## EXERCISE
A faithful, complete copy of the entries below is required, with images removed.

Captioned web image data:

-- Opening Marker --

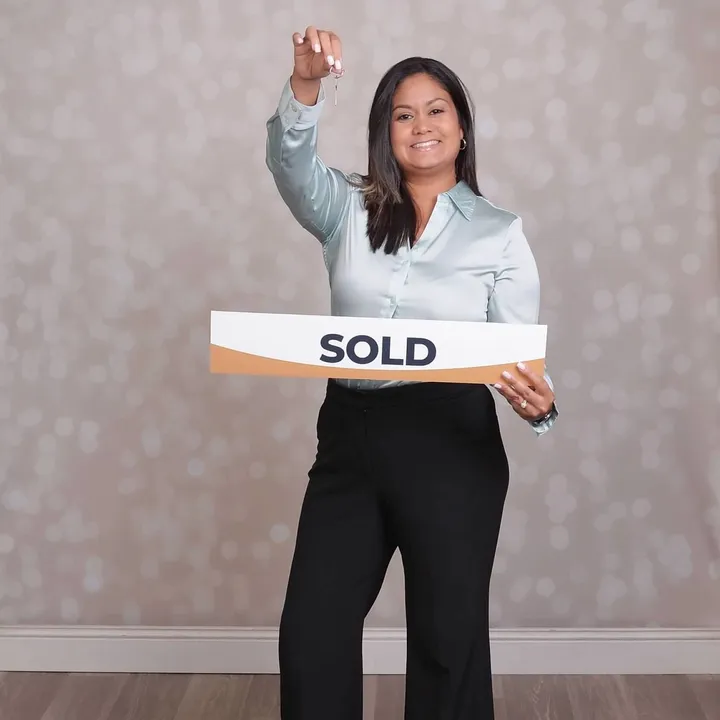 Christina Sosa, Realtor®️
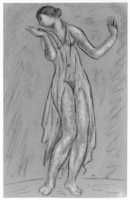 Free download Isadora Duncan #6 free photo or picture to be edited with GIMP online image editor
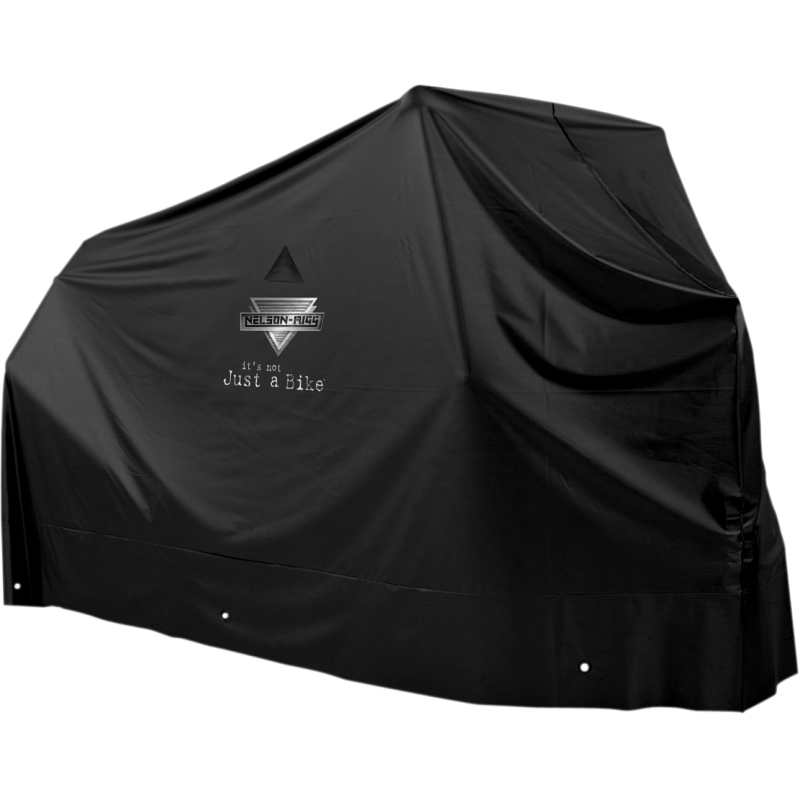 COVER ECONO BLK - XL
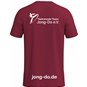 Jong-Do Trainingsshirt Kinder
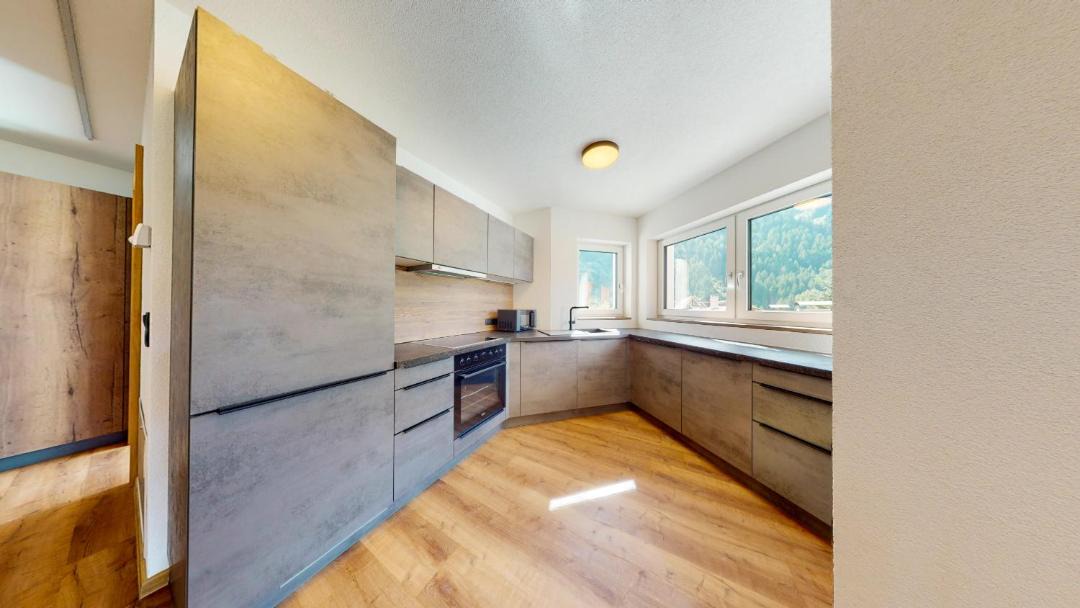 Photo of Kitchen in Plangeross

-- Closing Marker --

## COMPLETED TASK
 Christina Sosa, Realtor®️
 Free download Isadora Duncan #6 free photo or picture to be edited with GIMP online image editor
 COVER ECONO BLK - XL
 Jong-Do Trainingsshirt Kinder
 Photo of Kitchen in Plangeross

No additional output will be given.